If not, it follows the recursive plan given above, using
"move-tower" for smaller numbers of disks (for which it is assumed,
by wishful thinking, to work).
The procedure "print-move" prints the sequence of moves to the
monitor. The moves appear in the order that they should be
carried out so as to move all the disks from one peg to the other
without putting larger disks on top of smaller disks:
(define (print-move from to)
(newline)
(display "move top disk from peg ")
(display from)
(display " to peg ")
(display to))
(Note two things. First, we haven't told you anything about input
or output. Look up "newline" and "display" and you'll know
everything you need to know for this example. Second, note that
printing involves side effects. The printing is included here so
that the computation itself produces something meaningful (a list
of actions to be performed) and you can follow what's going on.

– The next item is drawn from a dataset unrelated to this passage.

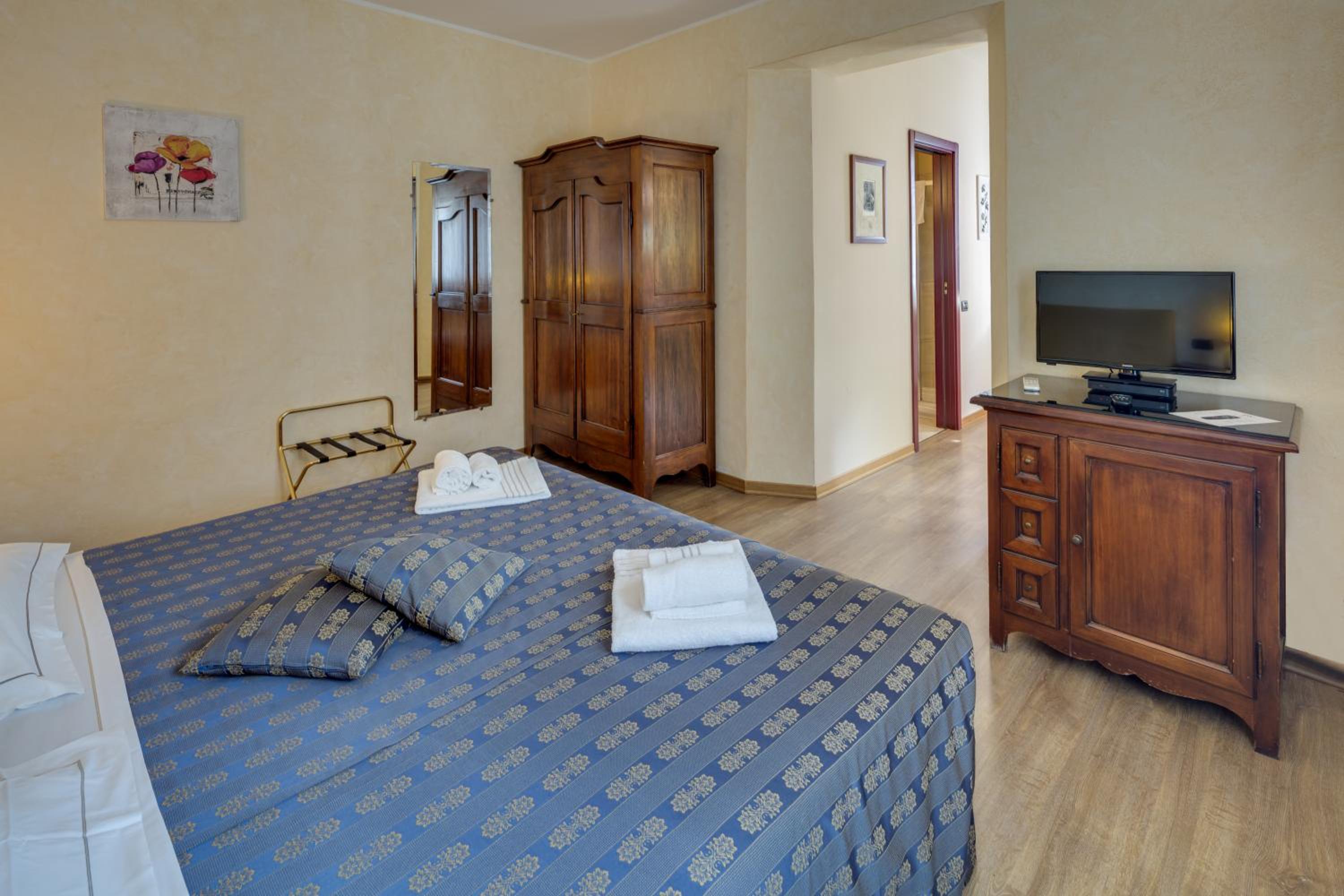 Budget Double or Twin Room - Annex photo 1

This is not, however, a cue for you to start introducing side effects
in the stuff you turn in for grading.)
All the recursive procedures we've seen can be described in terms
of wishful thinking. The programs all have the same pattern: the
recursive step, which uses the solution to a simpler problem to
construct the solution to a given problem; and one or more base
steps, which handle the cases that arise when you simplify the
problem as in the recursive step.
Now let's begin the fun (and while it's fine to use the "flatten"

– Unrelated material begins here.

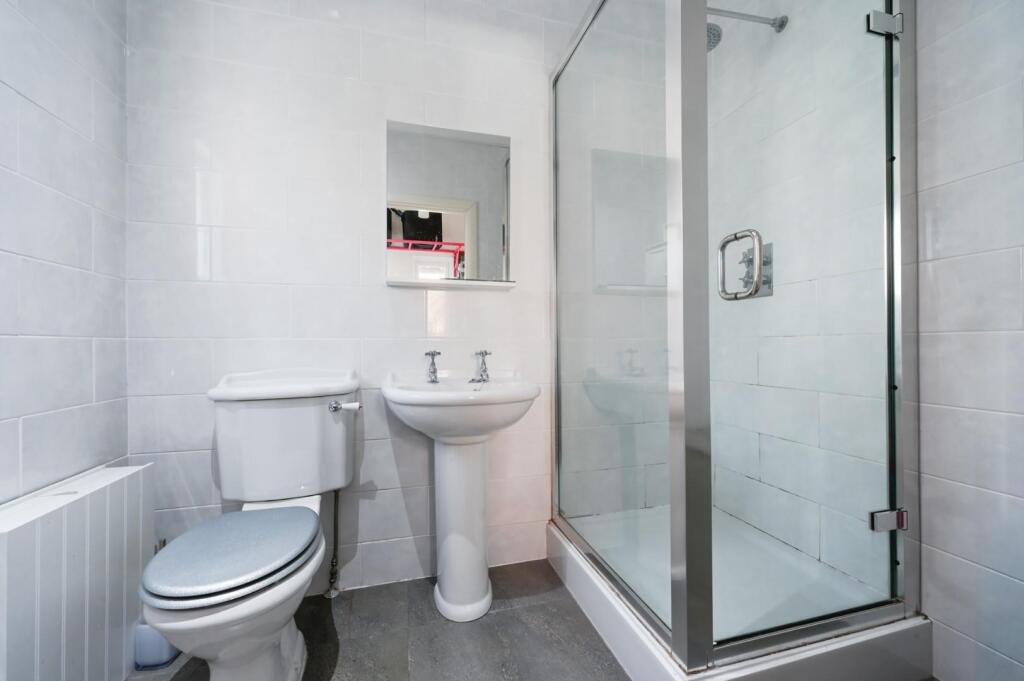 Apartment in Sutton - More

function as inspiration, don't actually call a function that "flatten"s
a list...your graders won't be happy).
9) The function "foo" is defined by the rule that foo(n) = n if n is
less than 3 and foo(n) = foo(n-1) + 2*foo(n-2) + 3*foo(n-3) if n is
greater than or equal to 3. Implement the function "foo" in
Scheme.
10) Construct a Scheme function, using car/cdr recursion again, called
"sum-all", which sums all the numeric values in a list, no matter
how deeply those values may be nested in the list, and returns
that value. For example:
(sum-all '(((1) 2 A (3 B (4))))) => 10
(sum-all '()) => 0
You may NOT assume that all the items in the list will be numbers.
(We did this one in class.)
11) Construct a Scheme function, using car/cdr recursion yet again, called
"inc-all", which increments all the numeric values in a list by one,
no matter how deeply those values may be nested in the list, and
returns the list with those new values. For example:
(inc-all '(((1) 2 A (3 B (4))))) => (((2) 3 A (4 B (5))))
(inc-all '()) => ()
You may NOT assume that all the items in the list will be numbers.

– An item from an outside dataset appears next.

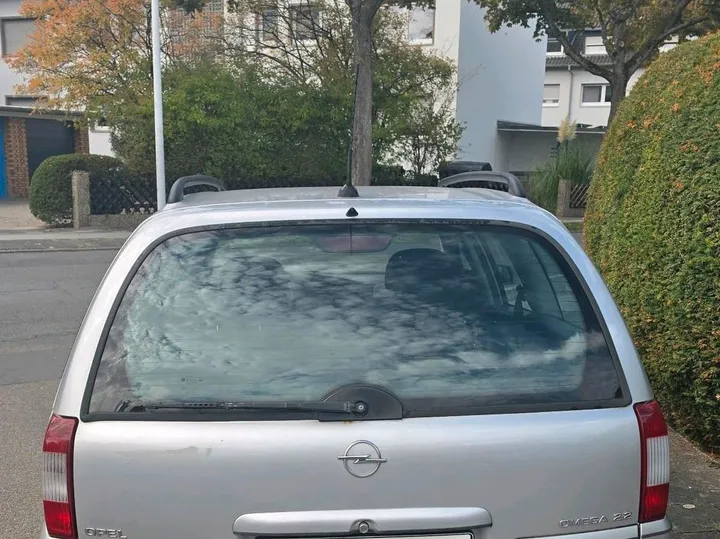 Opel Omega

12) When we apply the Scheme function "reverse" to a list, we get a new
list with the top-level objects in reverse order. For example:
(reverse '(a (b c) (d (e f)))) => ((d (e f)) (b c) a)
Your job now is to construct a function called "reverse-all" that
not only reverses the order of the top-level elements of the list
but also reverses the order of the elements at each nested level
within the sublists, as follows:
(reverse-all '(a (b c) (d (e f)))) => (((f e) d) (c b) a)
Once again, use car/cdr recursion here.
13) Construct a Scheme function called "insert-left-all" which takes
one item (the first argument) and inserts it to the immediate left
of each occurrence of another item (the second argument) in a list
(the third argument). For example:
(insert-left-all 'z 'a '(((a)))) => (((z a)))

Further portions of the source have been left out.